O fragmento La 806 explicita esse pensamento ou imaginação concebidos por Pascal como alienação. Para fazê-lo, define a vida imaginária como interiorização de uma identidade substitutiva. O imaginário é sempre o efeito de um jogo intersubjetivo, ele é sempre pensado por Pascal na relação do interior com o exterior. Como unir interior e exterior? O interior é vazio. A riqueza está no exterior, fora – acentuamos de passagem a que ponto essa reflexão é paradoxal no século XVII, que oferece sempre doutrinas da riqueza interior, da interioridade como riqueza. Na falta de um bem verdadeiro, o homem deve apropriar-se da exterioridade, ou seja, identificar-se com o exterior. A imaginação toma emprestado do exterior algo que lhe permite organizar o vazio interior do homem.
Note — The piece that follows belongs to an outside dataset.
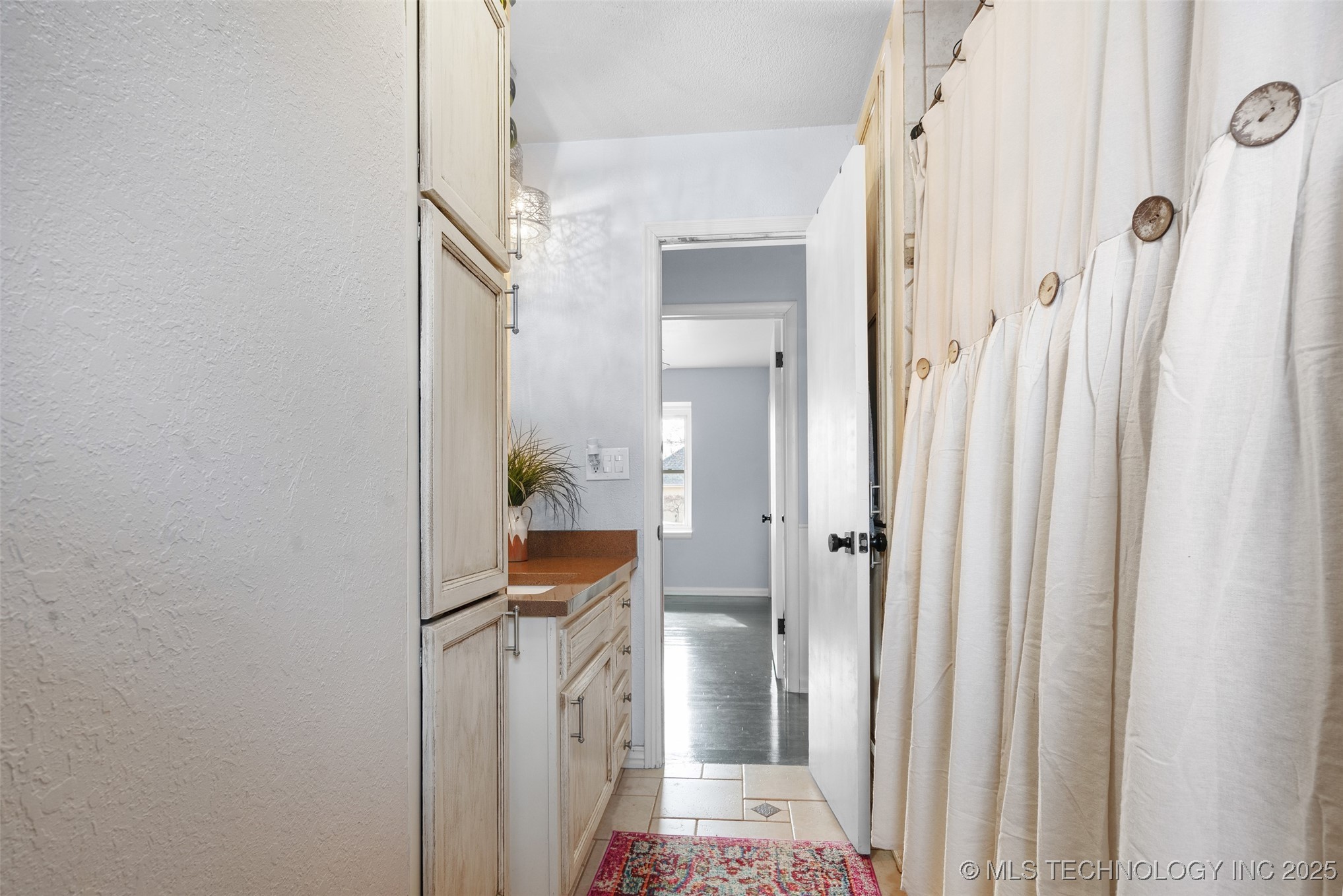 210 E 15th Street Property Photo 18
Ela é, então, algo em mim que me habita, um poder que seria como um sujeito dentro do sujeito. A imaginação é o análogo do eu no próprio eu, um sujeito no sujeito, que organiza a presença, no próprio sujeito, de uma exterioridade. Eis exatamente a função do imaginário: identificar-se a exteriores diferentes e instáveis. O imaginário é o âmbito da instabilidade. Compreendemos então que o divertimento será um caso particular desta estrutura de identificação com a exterioridade, ou seja, dessa estrutura de alienação do pensamento do homem. O fragmento La 806 descreve, com efeito, um tal processo de relação com o exterior, no qual este se torna o lugar de um outro eu, onde outrem se torna o lugar onde quero viver. Leiamos o La 806:

Não nos contentamos com a vida que temos em nós e em nosso próprio ser. Queremos viver uma vida imaginária na ideia dos outros, e para isso fazemos esforço para aparecer. Trabalhamos constantemente para embelezar e conservar nosso ser imaginário e negligenciamos o verdadeiro. E se possuímos quer a tranquilidade, quer a generosidade, quer a fidelidade, apressamo-nos em mostrá-lo a fim de ligar essas virtudes ao nosso outro ser e as desligaríamos até de nós para juntá-las ao outro; seríamos de bom grado poltrões para adquirir a reputação de ser valentes. Grande marca do nada de nosso próprio ser não se satisfazer com um sem o outro, e trocar com frequência um pelo outro. Pois infame seria quem não morresse para conservar a honra.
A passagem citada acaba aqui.